AMOR ANIMAL

Hace un par de años murió Conti, entrañable personaje del verano sanclementino. Nunca supe su nombre de pila y tenía un comercio en Constitución, en Balvanera o en alguno de los barrios tradicionales del sur porteño, pero de enero a marzo se instalaba a orillas del mar con su silla, su pipa y su resistencia al sol. Había sido bañero (cuando todavía no se usaba el neologismo guardavidas) y los nadadores no inclinados a ahogarnos gozábamos de su consideración (a los que no nadaban no le dirigía la palabra) y así nos obsequiaba con el relato de sus hazañas. Todas inventadas, porque Conti era un mitómano como no he conocido otro, salvo algún político y al pelado Mouriño, también fallecido, quien supo ser el encargado de la hemeroteca de matemática en Ciencias Exactas. Conti solía contar cómo había derrotado a una patota de peligrosos delincuentes juveniles en las noches del sur o sus viajes a la Antártida, pero había un tema que lo obsesionaba particularmente y tenía que ver con los animales. No es que los amara en general (los perros, por ejemplo, lo dejaban indiferente), pero le gustaban las historias sobre bestias voluminosas capaces de matar seres humanos. Tenía un repertorio bastante variado sobre tiburones que engullían gente en distintas partes del mundo, en particular, en la costa a-tlántica, donde afirmaba haberse enfrentarse con alguno, y se mantenía actualizado en la materia. Pero su historia favorita era la de los devoradores de hombres de Tsavo, un par de leones que hacia 1900 acostumbraban devorar a los trabajadores de la India que tendían las vías de un ferrocarril inglés en Kenia. Los bichos, según parece, no mataban por hambre sino por placer y aún se discute cuántas fueron sus víctimas. Conti sostenía la versión de máxima que habla de más de trescientas y se apoyaba en las películas y los libros inspirados por la carnicería (era además un gran lector de libros de aventuras).
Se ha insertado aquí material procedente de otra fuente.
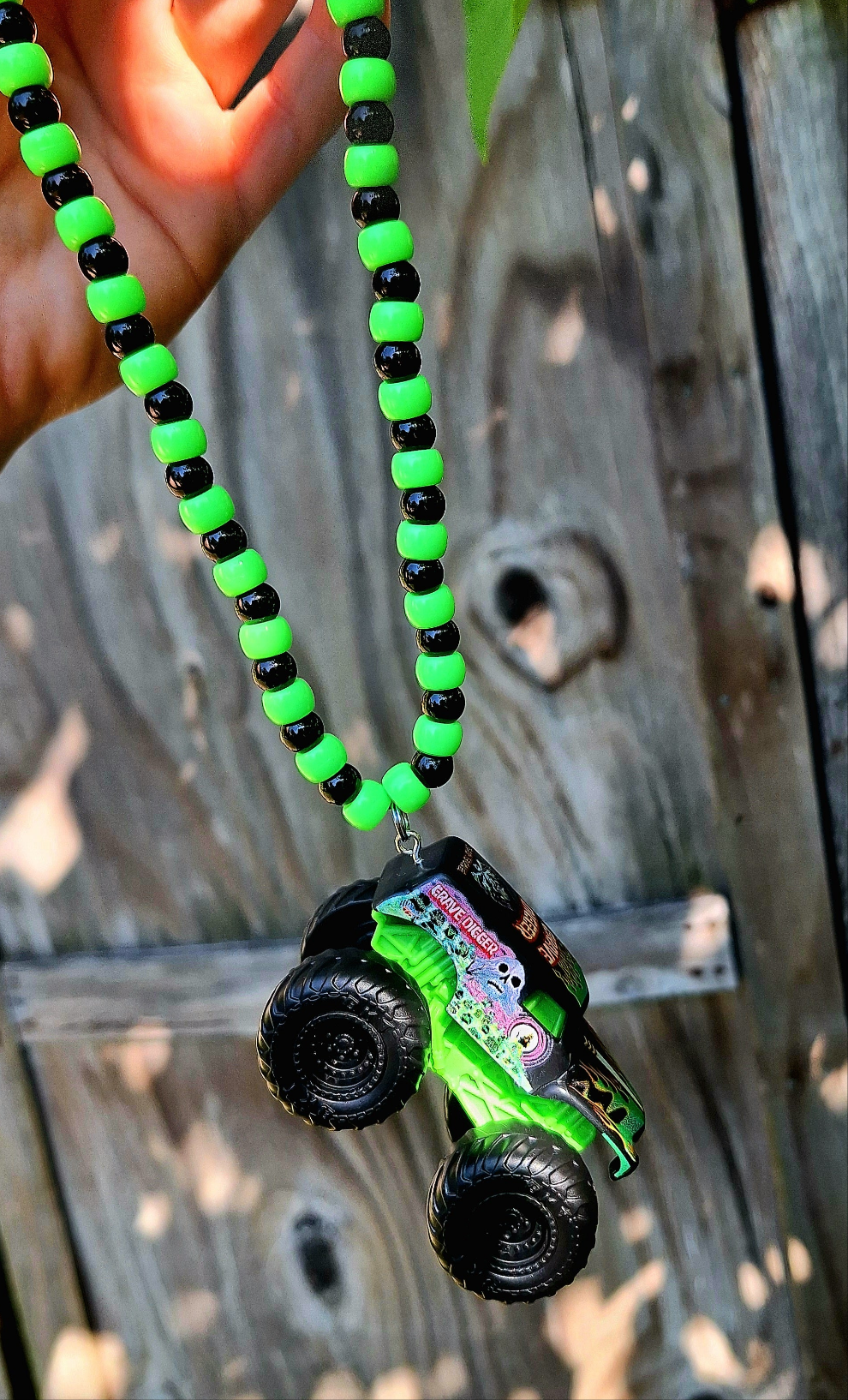 Grave digger truck necklace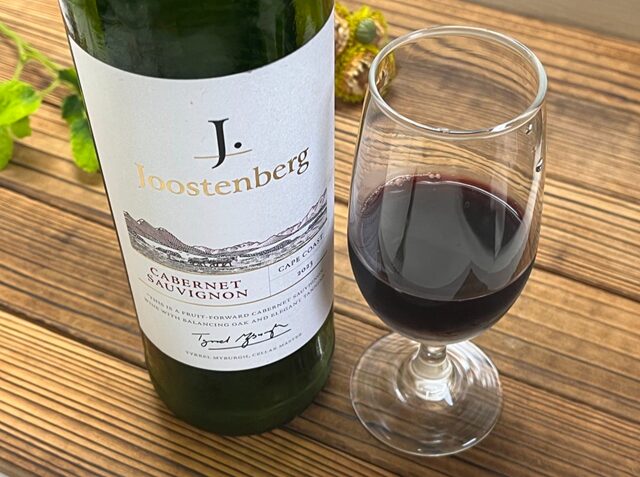 コストコ「ユステンバーグ カベルネ・ソーヴィニヨン」ITEM#518726。赤ワインをグラスに注いだシーンとボトルの写真。深みのあるルビーレッドの色合いと芳醇なカシスやプラムの香りが漂う、南アフリカ・ステレンボッシュ産のフルボディワイン。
Me reencontré con los leones de Tsavo en Desubicados, un libro de María Sonia Cristoff que acaba de editar Vinilo, dedicado a la relación de la autora con los animales y los zoológicos, además de otros asuntos, como el problema de que a sus vecinos les daba por tener sexo todos los días a las tres de la mañana. En el asunto de los leones, Cristoff no apuesta tan alto como Conti y habla de ciento cincuenta muertos, aunque las investigaciones actuales llevan la cifra a menos de treinta. Tampoco es cuestión de acusar de mitómana a Cristoff pero, en cambio, le cabe perfectamente el calificativo de malhumorada. En ese rubro, puede competir con titanes de la mala onda como Mario Levrero o V. S. Naipaul. Es uno de los rasgos que hacen divertidísimo el libro. Los momentos más desopilantes acaso sean aquellos en los que la narradora llora a mares porque, como periodista dedicada al turismo, se la pasa recorriendo el mundo en hoteles de lujo con todo pago o porque no sabe si mudarse a Entre Ríos mientras la relación con su pareja se extingue y la acústica del departamento sigue despertándola a deshoras. Cristoff odia a casi todo el mundo (especialmente niños, taxistas y burócratas), disfruta haciéndolo y contagia a los lectores su misantropía. Pero, como a Conti, las fieras le provocan una singular ternura. En particular los hipopótamos, que no son tan buenos como se piensa.